David Beebe. Nous avons lancé le Marriott Global Content Studio il y a environ neuf mois. Nous faisons cela pour entrer en contact avec les consommateurs et surtout les «millenials» [générations nées au tournant de l'an 2000]. Aujourd'hui, cette génération n'est pas intéressée par la publicité traditionnelle. Le spot TV de 30 secondes ou la bannière internet, ils n'aiment pas. Le meilleur moyen de les toucher est de leur fournir des contenus qui les intéressent mais sûrement pas en parlant de la marque. En ce qui nous concerne, nous produisons des contenus évidemment liés à l'univers du voyage et à tout ce qui touche à la découverte d'une destination, d'une ville... Mais la marque n'est pas mise en avant, elle fait partie du contenu. C'est un moyen de les mettre en confiance avec la marque.

 

Comptez-vous développer cette stratégie pour toutes vos marques?

D.B. Oui, nous voulons l'adopter pour chacune de nos 18 marques. Notre objectif est de présenter toute la diversité de notre portefeuille de marques, de nos offres luxe à celles destinées aux familles ou aux hommes d'affaires. Pour chacune d'entre elles, avec son identité, nous pouvons produire des contenus spécifiques. Pour nos hôtels Renaissance par exemple, nous produisons déjà, depuis environ six mois, une série d'émissions TV de 30 minutes, baptisée The Navigator Live et diffusée sur une chaîne du câble [AXS TV]. Elle met en scène des musiciens qui découvrent la ville et l'hôtel Renaissance de cette dernière où ils se produisent en concert.
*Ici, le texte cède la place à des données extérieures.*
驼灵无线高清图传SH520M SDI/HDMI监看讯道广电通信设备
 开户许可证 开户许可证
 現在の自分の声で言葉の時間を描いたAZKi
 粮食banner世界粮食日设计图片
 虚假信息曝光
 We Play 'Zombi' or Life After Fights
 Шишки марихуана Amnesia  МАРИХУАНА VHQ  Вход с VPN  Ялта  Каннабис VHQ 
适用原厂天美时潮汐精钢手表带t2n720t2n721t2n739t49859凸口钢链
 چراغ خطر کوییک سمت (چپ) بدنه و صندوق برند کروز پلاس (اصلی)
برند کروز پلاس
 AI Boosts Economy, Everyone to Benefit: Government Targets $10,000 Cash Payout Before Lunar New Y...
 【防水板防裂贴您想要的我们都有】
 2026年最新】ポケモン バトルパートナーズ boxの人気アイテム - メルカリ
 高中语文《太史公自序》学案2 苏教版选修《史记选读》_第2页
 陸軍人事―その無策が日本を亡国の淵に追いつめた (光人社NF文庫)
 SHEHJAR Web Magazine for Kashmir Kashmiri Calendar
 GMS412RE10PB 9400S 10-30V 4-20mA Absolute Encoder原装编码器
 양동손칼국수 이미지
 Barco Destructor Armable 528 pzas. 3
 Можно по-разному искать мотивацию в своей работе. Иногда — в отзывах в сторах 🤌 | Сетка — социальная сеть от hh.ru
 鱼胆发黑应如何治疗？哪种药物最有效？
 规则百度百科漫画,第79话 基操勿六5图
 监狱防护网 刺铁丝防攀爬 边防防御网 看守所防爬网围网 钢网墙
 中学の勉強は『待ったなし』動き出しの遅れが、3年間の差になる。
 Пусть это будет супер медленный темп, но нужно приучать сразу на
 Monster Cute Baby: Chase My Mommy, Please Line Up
Nous avons également produit une série de saynètes comiques, Courtyard Camera, avec les joueurs de la NFL [fédération de football américain] en partenariat avec nos hôtels Courtyard by Marriott. Un tout autre exemple: nous avons aussi prêté à nos clients des kits de caméras Go Pro lors de leur séjour dans nos hôtels resorts pour filmer leurs propres expériences en famille. Là, ce sont nos propres clients qui créent des contenus pour nous.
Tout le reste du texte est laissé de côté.